Then, what does Jesus talk about God’s blessing? Who is blessed and what is the true blessing? From today’s Gospel reading, we find the most revolutionary teaching that transforms our perspective on blessing upside down, inside out. Who are blessed? Jesus says, “Blessed are the poor in spirit (or just the poor in the Gospel of Mark)… Blessed are those who mourn… Blessed are the meek… Blessed are those who hunger and thirst for righteousness… Blessed are those who are persecuted for righteousness’ sake… Blessed are you when people revile you and persecute you and utter all kinds of evil against you falsely on my account (Matthew 5:1-12).” Here, Jesus clearly tells us, all these seemingly unfortunate people in the world are actually blessed. They are the blessed regardless of their misfortune or distress. Jesus sharply separates the matter of blessing from the matter of fortune. Jesus also says, “Blessed are the merciful… Blessed are the pure in heart… Blessed are the peacemakers.” We don’t know whether these kinds of people are materially fortunate or not, but again, regardless of their external fortune, they are blessed as Jesus affirms.

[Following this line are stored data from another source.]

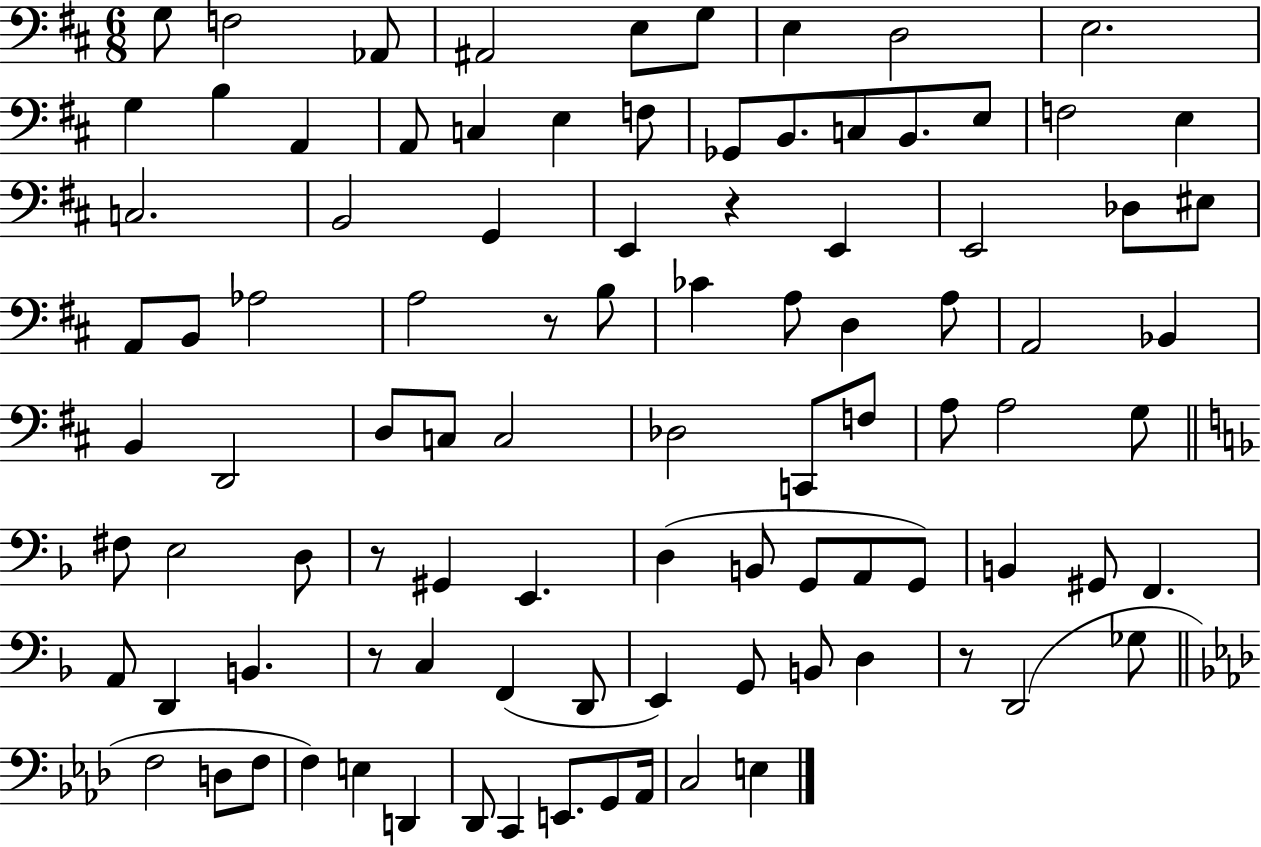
{
  \clef bass
  \numericTimeSignature
  \time 6/8
  \key d \major
  g8 f2 aes,8 | ais,2 e8 g8 | e4 d2 | e2. | \break g4 b4 a,4 | a,8 c4 e4 f8 | ges,8 b,8. c8 b,8. e8 | f2 e4 | \break c2. | b,2 g,4 | e,4 r4 e,4 | e,2 des8 eis8 | \break a,8 b,8 aes2 | a2 r8 b8 | ces'4 a8 d4 a8 | a,2 bes,4 | \break b,4 d,2 | d8 c8 c2 | des2 c,8 f8 | a8 a2 g8 | \break \bar "||" \break \key f \major fis8 e2 d8 | r8 gis,4 e,4. | d4( b,8 g,8 a,8 g,8) | b,4 gis,8 f,4. | \break a,8 d,4 b,4. | r8 c4 f,4( d,8 | e,4) g,8 b,8 d4 | r8 d,2( ges8 | \break \bar "||" \break \key f \minor f2 d8 f8 | f4) e4 d,4 | des,8 c,4 e,8. g,8 aes,16 | c2 e4 | \break \bar "|."
}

Then, what is God’s true blessing? The blessings that Jesus list in his teaching are only about having the kingdom of heaven, having comfort of God, inheriting the new earth, having mercy in heart, seeing God, and being the children of God. All these blessings are different from a new job, good health, or successful children. And from the Beatitudes, we find that the true blessing is to know God and be in a relationship with this God… the God who releases the captives, who brings hope to the hopeless, who forgives unforgivable, who loves the unlovable, who comes to the people in the darkness. This God became a human like us, and died on the cross for our salvation. Having a personal relationship with this God, and having God’s saving grace and love, renewing care and comfort through that relationship beyond any measure… this is the true blessing that Jesus is teaching us today. This blessing is not arbitrarily given. It comes to us only by grace through faith in Jesus Christ. And this blessing is available to everyone.
Sisters and brothers in Christ, in our lifetime on earth, we may be relatively fortunate or unfortunate from our human point of view. But I hope you to remember today, the absolute truth we uphold is that we are blessed no matter what, in the name of Jesus Christ our Lord. It doesn’t matter whether we live a fortunate life or not; what matters most is that we live our life with God’s blessing and sharing the blessing with others. On this All Saints Sunday, we commemorate the saints who faithfully walked the journey of salvation before us. Saints are not the people who pursued fortunes in the world, but we know that they had blessed lives in God. Therefore, follow their example, forward through the ages, let us also walk the path of blessings in unending line, in loving communion with saints, and in sacred union with Jesus Christ. May the Lord bless us always. Amen.